Wie bei allen Velos von Specialized stammen auch die Anbauteile komplett von der Eigenmarke. Vorne ist ein 680 Millimeter breiter Lenker mit 15 Millimetern Erhöhung und anschraubbaren Specialized Neutralizer-Griffen an einem 3D-geschmiedeten Vorbau montiert. Hinten wird eine schlichte Aluminium-Sattelstütze mit 12 Millimetern Versatz durch den Bridge Sport Sattel von Specialized abgerundet.

Specialized Sirrus X 2.0 Fahreindrücke
(Bildnachweis: Scott Windsor / Ourmedia) Das Sirrus 2.0 ist ein urbanes Velo mit hervorragendem Handling.
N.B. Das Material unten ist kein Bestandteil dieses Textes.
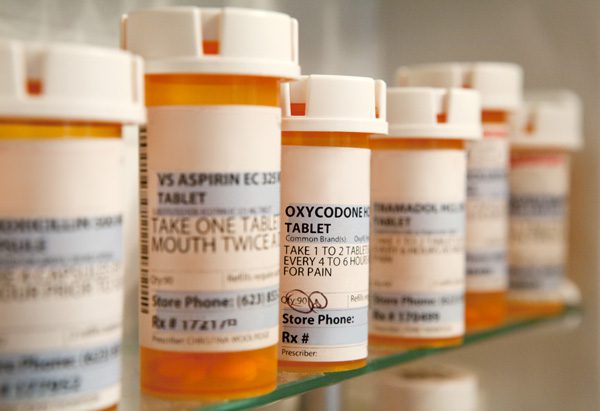 loved one addicted to prescription drugs - prescription drug bottles - Fair Oaks Recovery Center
Auch wenn das Sirrus X 2.0 preislich in einer bestimmten Kategorie angesiedelt ist, verschmilzt hier alles zu einem grossartigen Fahrerlebnis. Sobald man aufsteigt, beeindruckt es mit seinem spritzigen und spassigen Fahrgefühl.

Das Sirrus X bringt jede Menge Fahrspass mit sich. Es macht extrem viel Spass, es in die Kurven zu werfen, durch Lücken im Verkehr zu zischen, den einen oder anderen Bordstein mitzunehmen und eine Abkürzung querfeldein zu wählen.
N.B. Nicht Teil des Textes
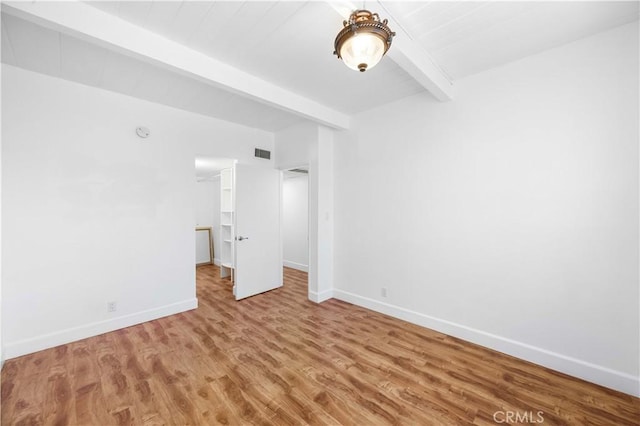 7924 Woodman Ave Unit 20, Panorama City, CA 91402 - empty room featuring beamed ceiling and wood finished floors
Es fühlt sich unter den verschiedensten Bedingungen wohl. Es ist ein echtes Velo für alle Untergründe, das man problemlos an Orte mitnehmen kann, an denen traditionelle Stadt-Velos an ihre Grenzen stossen.

Die grosse Übersetzungsbandbreite bietet einen leichten Klettergang für die steilsten städtischen Anstiege und eine ordentliche Endgeschwindigkeit durch das 11er-Ritzel in Kombination mit dem 42er-Kettenblatt.

Mit nur neun Gängen gibt es einige grössere Sprünge zwischen den Gängen, besonders bei den grösseren Ritzeln. Für urbane Fahrten und das Pendeln ist eine effiziente Gangabstufung jedoch oft zweitrangig. Viel wichtiger sind die passenden Gänge, um in der Stadt voranzukommen – und diese bietet das Sirrus definitiv.

Die Schaltung ist zuverlässig, und das Narrow-Wide-Kettenblatt auf der günstigeren Prowheel-Kurbelgarnitur hält die Kette auch auf unebenem Terrain hervorragend in Zaum. Ebenso bieten die Promax-Bremsen eine souveräne Bremskraft, auch wenn das absolute Feingefühl teurerer Bremssysteme vielleicht etwas fehlt.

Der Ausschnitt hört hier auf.